How Are Rolling Cluster Upgrades Performed With Managed Kubernetes

Automated Rolling Upgrades of Kubernetes Clusters

Managed Kubernetes supports fully automated rolling upgrades to Kubernetes clusters. Upgrades are performed across major versions of Kubernetes, so you can continue leveraging latest Kubernetes features without the hassle of having to upgrade the cluster yourself.

We upgrade nodes in a cluster one at a time, ensuring that the last upgraded node is healthy before upgrading the next. This is called a rolling upgrade, and has the following benefits:

Your applications will not experience downtime during the cluster upgrade, as long as they tolerate the failure of a single node.
Your cluster users and your “Kubernetes-native” applications (i.e., ones that talk to the Kubernetes API server) will be able use the API while worker nodes are being upgraded. In addition, if you have created a multi-master highly available Kubernetes cluster, then your API server will also remain available across upgrades to master nodes. For a single master node cluster, the API server will experience a momentary downtime while the master node is being upgraded.
All nodes in your cluster will remain compatible during the cluster upgrade, despite running different versions of Kubernetes as the upgrade proceeds.
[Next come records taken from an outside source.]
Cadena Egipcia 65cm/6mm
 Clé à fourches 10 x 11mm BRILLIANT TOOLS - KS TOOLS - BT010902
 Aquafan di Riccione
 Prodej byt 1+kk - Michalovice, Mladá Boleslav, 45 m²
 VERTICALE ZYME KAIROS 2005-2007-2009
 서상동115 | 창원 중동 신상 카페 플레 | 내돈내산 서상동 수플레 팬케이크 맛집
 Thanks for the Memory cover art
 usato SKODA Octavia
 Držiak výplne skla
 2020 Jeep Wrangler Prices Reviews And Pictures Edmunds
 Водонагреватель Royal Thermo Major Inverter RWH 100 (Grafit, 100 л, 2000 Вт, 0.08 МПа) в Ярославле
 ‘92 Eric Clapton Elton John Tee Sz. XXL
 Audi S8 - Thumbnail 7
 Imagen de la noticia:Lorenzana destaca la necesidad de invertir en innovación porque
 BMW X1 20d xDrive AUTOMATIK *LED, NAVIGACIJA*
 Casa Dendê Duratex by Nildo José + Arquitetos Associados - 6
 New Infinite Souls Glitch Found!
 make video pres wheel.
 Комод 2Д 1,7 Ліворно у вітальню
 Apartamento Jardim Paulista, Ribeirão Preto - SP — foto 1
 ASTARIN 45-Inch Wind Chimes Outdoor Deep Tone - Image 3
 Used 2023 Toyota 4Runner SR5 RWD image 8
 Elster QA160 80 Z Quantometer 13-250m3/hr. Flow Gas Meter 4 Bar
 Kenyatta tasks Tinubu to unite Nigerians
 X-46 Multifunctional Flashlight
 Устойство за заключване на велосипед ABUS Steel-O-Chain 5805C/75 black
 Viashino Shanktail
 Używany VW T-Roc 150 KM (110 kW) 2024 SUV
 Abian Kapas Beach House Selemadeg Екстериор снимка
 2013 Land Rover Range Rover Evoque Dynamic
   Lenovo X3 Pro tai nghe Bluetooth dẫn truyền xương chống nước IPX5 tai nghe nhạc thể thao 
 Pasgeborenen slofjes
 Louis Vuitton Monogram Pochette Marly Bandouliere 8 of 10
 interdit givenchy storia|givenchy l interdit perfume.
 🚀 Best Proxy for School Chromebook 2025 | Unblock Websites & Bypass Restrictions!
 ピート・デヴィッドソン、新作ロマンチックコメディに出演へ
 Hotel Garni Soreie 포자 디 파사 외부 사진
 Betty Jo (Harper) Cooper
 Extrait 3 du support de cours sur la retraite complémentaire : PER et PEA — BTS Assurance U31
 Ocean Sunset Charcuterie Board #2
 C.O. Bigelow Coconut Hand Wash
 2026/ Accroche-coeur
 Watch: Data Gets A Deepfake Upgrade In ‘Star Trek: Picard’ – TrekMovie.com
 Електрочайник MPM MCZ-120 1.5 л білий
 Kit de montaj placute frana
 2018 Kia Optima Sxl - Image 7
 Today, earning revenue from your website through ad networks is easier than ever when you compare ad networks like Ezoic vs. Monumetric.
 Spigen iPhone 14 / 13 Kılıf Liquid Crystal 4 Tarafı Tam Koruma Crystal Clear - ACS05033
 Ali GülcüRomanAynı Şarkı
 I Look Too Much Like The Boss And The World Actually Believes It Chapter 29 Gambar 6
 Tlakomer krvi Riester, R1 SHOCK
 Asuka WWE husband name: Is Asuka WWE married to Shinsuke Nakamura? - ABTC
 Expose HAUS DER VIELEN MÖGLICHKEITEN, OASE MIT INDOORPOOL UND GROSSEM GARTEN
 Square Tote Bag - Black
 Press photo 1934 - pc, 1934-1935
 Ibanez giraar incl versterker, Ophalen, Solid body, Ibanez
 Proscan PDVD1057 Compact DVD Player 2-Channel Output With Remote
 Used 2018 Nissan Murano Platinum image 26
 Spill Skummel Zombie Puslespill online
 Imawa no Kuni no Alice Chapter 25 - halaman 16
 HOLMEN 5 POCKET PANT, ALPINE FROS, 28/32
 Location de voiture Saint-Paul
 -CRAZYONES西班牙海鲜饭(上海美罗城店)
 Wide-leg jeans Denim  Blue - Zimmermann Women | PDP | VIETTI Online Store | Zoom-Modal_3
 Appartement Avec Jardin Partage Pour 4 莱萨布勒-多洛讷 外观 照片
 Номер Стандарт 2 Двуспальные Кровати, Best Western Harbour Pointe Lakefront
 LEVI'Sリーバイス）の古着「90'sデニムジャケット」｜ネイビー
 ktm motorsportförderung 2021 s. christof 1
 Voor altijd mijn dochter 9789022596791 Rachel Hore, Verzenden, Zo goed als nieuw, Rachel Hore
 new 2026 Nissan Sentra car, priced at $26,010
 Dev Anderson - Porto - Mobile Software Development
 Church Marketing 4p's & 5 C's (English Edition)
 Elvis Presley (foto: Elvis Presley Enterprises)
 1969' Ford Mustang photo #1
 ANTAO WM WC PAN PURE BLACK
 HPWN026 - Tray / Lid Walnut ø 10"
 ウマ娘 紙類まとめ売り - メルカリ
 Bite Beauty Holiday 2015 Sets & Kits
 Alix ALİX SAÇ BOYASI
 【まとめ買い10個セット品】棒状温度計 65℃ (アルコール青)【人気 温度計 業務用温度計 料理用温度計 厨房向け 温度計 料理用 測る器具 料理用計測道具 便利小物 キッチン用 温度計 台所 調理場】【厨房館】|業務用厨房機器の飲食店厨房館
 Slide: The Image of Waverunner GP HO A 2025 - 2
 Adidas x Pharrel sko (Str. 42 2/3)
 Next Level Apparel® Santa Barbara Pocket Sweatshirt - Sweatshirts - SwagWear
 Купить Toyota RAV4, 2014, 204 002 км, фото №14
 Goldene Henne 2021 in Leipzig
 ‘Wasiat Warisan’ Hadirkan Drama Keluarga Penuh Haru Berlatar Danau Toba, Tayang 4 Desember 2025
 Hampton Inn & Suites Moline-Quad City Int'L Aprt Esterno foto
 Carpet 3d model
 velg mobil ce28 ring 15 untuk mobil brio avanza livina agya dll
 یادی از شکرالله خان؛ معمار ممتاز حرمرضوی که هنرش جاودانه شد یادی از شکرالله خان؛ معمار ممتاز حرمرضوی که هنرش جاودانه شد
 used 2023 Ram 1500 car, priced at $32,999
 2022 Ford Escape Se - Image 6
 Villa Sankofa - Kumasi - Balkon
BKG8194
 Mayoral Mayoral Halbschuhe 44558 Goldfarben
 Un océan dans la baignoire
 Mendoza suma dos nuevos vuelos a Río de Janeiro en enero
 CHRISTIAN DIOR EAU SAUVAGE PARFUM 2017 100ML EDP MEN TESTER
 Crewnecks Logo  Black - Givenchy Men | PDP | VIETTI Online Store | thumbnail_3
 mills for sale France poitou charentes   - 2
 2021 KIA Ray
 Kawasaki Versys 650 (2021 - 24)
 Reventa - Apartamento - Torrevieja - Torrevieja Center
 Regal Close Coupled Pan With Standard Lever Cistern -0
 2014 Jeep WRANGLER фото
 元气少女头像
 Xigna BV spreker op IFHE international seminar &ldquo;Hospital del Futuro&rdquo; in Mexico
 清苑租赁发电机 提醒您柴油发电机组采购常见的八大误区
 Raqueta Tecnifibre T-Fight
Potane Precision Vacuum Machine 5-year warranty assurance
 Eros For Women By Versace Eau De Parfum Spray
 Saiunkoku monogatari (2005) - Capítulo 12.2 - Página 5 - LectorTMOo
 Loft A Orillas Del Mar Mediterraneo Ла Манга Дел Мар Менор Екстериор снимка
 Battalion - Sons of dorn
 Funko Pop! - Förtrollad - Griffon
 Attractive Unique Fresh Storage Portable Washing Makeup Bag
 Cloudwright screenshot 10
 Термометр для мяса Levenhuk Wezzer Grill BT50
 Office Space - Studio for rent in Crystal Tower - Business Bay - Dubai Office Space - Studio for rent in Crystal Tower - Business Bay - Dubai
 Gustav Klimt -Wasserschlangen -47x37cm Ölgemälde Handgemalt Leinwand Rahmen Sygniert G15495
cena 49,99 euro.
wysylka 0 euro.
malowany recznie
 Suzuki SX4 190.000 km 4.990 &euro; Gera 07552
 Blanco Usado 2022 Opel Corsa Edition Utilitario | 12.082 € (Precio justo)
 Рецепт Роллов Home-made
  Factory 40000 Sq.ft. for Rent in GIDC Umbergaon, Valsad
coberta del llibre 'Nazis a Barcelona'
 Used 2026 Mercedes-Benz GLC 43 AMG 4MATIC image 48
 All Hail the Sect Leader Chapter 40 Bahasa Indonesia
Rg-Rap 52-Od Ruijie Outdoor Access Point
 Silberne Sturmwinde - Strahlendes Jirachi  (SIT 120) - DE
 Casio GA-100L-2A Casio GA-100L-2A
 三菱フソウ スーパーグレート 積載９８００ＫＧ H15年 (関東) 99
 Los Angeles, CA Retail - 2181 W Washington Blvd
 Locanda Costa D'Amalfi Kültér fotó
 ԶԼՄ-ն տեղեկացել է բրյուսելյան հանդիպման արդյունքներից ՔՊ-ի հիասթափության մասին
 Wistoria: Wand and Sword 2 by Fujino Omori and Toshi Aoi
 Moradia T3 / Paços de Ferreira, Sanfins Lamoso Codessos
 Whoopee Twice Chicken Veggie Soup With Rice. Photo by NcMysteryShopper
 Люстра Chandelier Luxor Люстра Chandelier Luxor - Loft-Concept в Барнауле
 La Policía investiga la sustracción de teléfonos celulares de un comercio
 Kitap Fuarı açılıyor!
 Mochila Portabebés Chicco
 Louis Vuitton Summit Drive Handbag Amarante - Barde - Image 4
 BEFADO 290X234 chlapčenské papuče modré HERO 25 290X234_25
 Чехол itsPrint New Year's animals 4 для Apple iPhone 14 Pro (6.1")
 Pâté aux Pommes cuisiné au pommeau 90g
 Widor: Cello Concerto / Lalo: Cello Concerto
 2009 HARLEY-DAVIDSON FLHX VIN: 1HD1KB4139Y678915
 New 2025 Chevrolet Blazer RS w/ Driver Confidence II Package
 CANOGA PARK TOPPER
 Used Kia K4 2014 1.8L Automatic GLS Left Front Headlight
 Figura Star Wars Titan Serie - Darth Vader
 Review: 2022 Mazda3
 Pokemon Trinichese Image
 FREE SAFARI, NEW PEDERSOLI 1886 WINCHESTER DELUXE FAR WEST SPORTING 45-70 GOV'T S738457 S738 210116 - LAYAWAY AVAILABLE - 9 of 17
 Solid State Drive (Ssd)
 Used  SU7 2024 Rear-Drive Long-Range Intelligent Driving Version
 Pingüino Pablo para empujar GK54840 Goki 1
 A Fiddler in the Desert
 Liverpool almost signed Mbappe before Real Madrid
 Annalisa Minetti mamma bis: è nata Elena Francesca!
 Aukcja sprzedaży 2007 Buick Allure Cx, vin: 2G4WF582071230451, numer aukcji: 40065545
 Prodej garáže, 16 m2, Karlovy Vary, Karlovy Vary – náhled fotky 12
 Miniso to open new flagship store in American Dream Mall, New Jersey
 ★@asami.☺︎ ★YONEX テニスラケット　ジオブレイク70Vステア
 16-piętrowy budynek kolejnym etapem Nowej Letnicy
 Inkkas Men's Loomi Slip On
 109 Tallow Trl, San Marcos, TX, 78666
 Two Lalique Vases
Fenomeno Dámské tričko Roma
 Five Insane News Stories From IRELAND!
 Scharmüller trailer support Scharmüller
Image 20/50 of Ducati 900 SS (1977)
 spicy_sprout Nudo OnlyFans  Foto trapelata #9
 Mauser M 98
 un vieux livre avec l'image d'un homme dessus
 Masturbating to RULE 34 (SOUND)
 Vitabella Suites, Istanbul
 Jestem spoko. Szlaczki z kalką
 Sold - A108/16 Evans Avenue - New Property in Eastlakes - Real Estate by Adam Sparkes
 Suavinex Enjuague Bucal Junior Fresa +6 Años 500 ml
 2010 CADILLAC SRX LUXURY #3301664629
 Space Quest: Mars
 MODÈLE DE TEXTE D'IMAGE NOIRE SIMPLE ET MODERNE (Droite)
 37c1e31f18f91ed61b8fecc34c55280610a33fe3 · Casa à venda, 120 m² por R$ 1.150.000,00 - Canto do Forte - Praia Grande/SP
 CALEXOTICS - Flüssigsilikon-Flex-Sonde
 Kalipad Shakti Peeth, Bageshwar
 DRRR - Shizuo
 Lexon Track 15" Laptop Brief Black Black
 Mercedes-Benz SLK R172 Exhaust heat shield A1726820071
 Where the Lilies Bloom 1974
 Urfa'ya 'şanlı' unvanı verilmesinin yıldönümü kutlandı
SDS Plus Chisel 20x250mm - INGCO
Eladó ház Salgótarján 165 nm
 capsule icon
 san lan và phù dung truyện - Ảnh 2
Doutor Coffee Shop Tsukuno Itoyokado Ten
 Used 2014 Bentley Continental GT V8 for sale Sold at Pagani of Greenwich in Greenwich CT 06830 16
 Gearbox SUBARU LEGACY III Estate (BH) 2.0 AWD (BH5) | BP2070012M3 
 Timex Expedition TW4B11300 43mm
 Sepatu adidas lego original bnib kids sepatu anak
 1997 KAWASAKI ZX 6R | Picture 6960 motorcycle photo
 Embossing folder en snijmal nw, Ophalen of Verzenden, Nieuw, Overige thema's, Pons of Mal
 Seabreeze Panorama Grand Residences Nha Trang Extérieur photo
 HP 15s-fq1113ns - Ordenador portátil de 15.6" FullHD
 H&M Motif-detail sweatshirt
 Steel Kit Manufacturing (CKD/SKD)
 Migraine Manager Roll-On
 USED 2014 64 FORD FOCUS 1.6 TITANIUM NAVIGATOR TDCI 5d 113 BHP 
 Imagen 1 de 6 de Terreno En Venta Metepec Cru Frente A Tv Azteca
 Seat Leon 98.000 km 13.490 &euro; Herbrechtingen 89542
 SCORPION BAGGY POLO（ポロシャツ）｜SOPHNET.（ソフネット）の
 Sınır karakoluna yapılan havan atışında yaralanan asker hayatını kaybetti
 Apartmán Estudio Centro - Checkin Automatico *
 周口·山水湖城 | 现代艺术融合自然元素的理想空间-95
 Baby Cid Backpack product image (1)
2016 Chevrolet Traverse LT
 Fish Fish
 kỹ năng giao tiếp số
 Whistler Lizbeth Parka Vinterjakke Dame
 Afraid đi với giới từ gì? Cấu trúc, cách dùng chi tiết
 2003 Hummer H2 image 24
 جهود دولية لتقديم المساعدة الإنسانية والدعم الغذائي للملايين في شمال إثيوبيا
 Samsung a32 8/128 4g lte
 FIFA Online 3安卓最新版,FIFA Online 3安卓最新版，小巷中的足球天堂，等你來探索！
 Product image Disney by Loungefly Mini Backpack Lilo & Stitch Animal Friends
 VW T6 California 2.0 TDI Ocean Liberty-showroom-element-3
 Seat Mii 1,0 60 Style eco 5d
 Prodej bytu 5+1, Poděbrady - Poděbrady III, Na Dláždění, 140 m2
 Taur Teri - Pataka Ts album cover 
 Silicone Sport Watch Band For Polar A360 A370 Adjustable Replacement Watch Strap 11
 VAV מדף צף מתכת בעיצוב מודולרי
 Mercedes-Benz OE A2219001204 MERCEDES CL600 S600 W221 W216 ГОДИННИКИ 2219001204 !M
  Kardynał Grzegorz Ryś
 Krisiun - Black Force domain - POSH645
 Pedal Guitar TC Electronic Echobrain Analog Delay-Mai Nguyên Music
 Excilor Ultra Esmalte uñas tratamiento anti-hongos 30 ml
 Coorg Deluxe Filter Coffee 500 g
Important Notes & Warnings

To upgrade a node, we first tell Kubernetes not to schedule any further Pods on the node. We then evacuate (drain, in the Kubernetes parlance) existing Pods from the node. Evacuating a node will remove unmanaged Pods (see explanation below) and permanently erase data in emptyDir Volumes (see explanation below).

Managed vs Unmanaged Pods

Pods are the atomic unit of work in Kubernetes. Cluster users deploy Pods that fall into two categories:

Managed Pods

These are Pods that are managed by a ReplicationController,ReplicaSet, Job, or DaemonSet. Containers in Pods managed by a DaemonSet are stopped during the upgrade, but the Pods remain on the node. Pods managed by other controllers are rescheduled by Kubernetes to other nodes as long as resources are available.

Unmanaged Pods

These are Pods that are not managed by any Kubernetes controller. These Pods will be removed from the node during the upgrade and will not be rescheduled by Kubernetes. Note that, if the node fails, these Pods will not be rescheduled by Kubernetes . For that reason, unmanaged Pods should not be used in production, though they are useful for experimenting and debugging.

emptyDir Volumes

Pods have access to persistent storage through Kubernetes Volumes. If your Pod uses an emptyDir Volume, be warned that all data stored in this Volume will be erased when the Pod is removed from the node. This warning applies to any unmanaged Pod as well as all Pods managed by a ReplicationController, ReplicaSet, or Job. Note that, if the node fails, the data on this Volume may be unrecoverable. For the reason, emptyDir Volumes should not be used in production.

Conclusion

Our cluster upgrades enable you to take advantage of the latest Kubernetes improvements and new features while ensuring that many applications experience no downtime, and all cluster users experience minimal downtime of the Kubernetes API. Upgrading a Kubernetes node means evacuating Pods from the node. As a consequence, a limited set of Pods and Volumes are erased.

Following the recommendations above to avoid unmanaged Pods and emptyDir Volumes will make your applications more robust to node failures and also avoid downtime and data loss during cluster upgrades.